Work instructions - Where a line of the data below has the string "laser", copy that line.
====== Records provided
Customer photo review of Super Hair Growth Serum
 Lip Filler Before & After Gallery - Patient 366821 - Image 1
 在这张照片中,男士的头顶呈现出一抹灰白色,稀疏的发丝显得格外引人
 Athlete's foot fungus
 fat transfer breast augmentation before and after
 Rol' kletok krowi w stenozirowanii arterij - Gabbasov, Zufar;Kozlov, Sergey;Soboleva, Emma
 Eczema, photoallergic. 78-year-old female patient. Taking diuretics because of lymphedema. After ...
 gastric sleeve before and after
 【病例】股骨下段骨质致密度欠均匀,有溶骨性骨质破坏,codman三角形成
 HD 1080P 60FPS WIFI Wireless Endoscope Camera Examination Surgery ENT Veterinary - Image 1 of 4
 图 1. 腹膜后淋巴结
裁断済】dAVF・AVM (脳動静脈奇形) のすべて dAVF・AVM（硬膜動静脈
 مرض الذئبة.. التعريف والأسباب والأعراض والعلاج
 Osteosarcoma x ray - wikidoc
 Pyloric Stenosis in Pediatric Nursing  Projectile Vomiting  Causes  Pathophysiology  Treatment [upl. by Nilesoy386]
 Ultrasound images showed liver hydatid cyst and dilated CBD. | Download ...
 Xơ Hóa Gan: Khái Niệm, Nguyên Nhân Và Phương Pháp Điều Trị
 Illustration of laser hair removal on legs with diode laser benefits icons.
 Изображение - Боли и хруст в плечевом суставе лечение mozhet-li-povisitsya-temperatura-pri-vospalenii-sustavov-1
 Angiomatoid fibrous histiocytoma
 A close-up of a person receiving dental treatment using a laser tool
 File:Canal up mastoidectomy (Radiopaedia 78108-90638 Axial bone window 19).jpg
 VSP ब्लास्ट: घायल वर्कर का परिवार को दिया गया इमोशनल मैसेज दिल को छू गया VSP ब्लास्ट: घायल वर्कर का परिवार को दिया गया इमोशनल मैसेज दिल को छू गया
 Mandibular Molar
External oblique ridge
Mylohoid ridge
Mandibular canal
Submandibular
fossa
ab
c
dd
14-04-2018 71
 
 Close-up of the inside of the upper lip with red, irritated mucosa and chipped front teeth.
============
Your solution -
 Illustration of laser hair removal on legs with diode laser benefits icons.
 A close-up of a person receiving dental treatment using a laser tool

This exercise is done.